At life’s most-basic level, Professor Zhong concedes that the laws of physics hold. But somewhere between that assemblage of reacting atoms and the formation of incredibly complex organizations that are our bodies and societies, another form of causation came into creation: that of the will.
He accepts the narrow version of Completeness. ‘I agree that every fundamental physical effect has a complete fundamental physical cause,’ Professor Zhong says. ‘But that’s still compatible with the reality of mental causation. Even if mental states don’t cause the fundamental physical states, the mental states can cause higher-level physical states.’
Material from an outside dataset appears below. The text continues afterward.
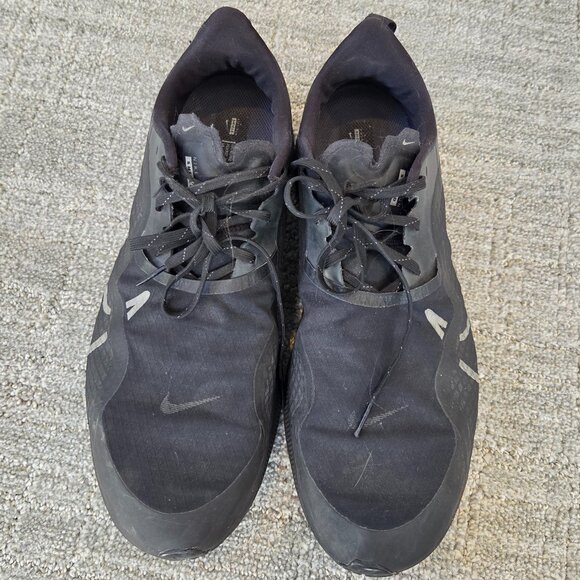 Nike Zoom Gravity 2 Men’s Size 12 Running Shoes Black Athletic Sneakers - Picture 2 of 6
Many philosophers make a leap from the narrow version of Completeness to the broad version. But that’s too great a jump to Professor Zhong. There’s not sufficient evidence for the broad version of Completeness, he insists. In the terms of philosophical argument, ‘it does not follow.’
Professor Zhong prefers to believe that his student intended to ask a question, not that they were sleeping and involuntarily jerked up their hand. It is mental causation that makes us what we are, he believes.
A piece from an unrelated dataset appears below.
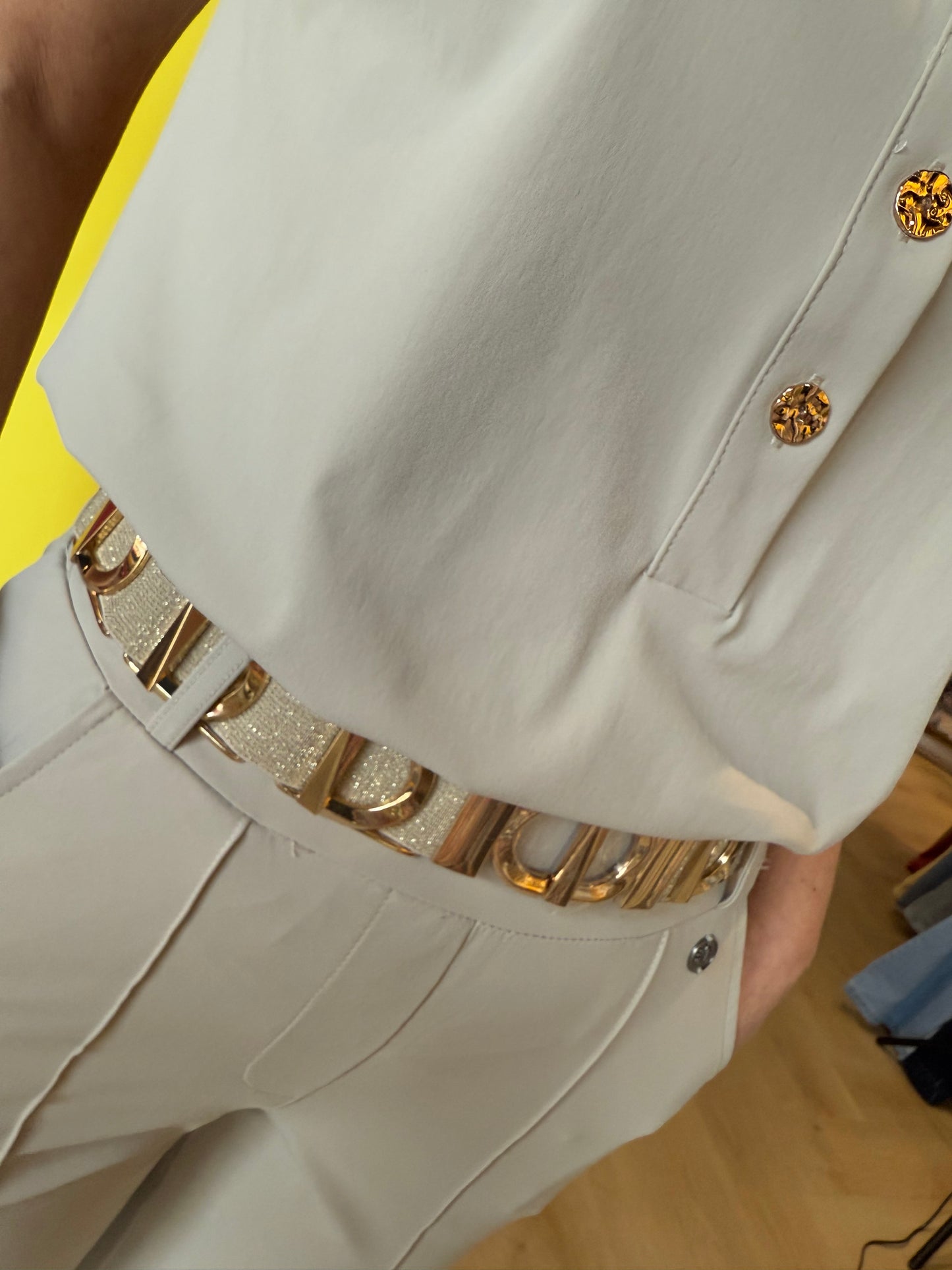 Triple Nine Mouwloze Top Beige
‘If we don’t have mental causation, we don’t have will, we don’t have responsibility, we don’t have agency,’ he notes.
Professor Zhong, who first worked in moral philosophy, became interested in mental causation while studying for his doctorate at the University of Michigan. He found it fascinating, as a fundamental and compelling issue.
‘Our whole civilization seems to rely on mental causation. If somebody saves another person we think ‘Oh that is a good person.’ If somebody harms others, we think that’s evil. All of this only makes sense if the mind can cause our actions.’
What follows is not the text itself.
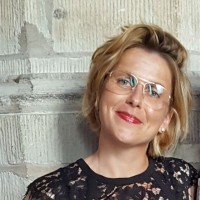 Simone Brocker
Neither morality nor mentality can be reduced to physical phenomena, he adds. As an anti-reductionist, he believes mental states and moral values have distinctive features. ‘They’re not the kind of stuff that can be reduced to the physical,’ he says.
This makes Professor Zhong an ‘autonomist.’ In this picture, the units of physics are interacting at one metaphysical level, while the higher-level entities of the world interact in a more-complex web on another level.
Such findings on fundamental philosophical problems are difficult to understand, and even tougher to come by. To come to conclusions about mental causation, a philosopher must have a solid background in metaphysics, the philosophies of the mind and of science, and even moral philosophy.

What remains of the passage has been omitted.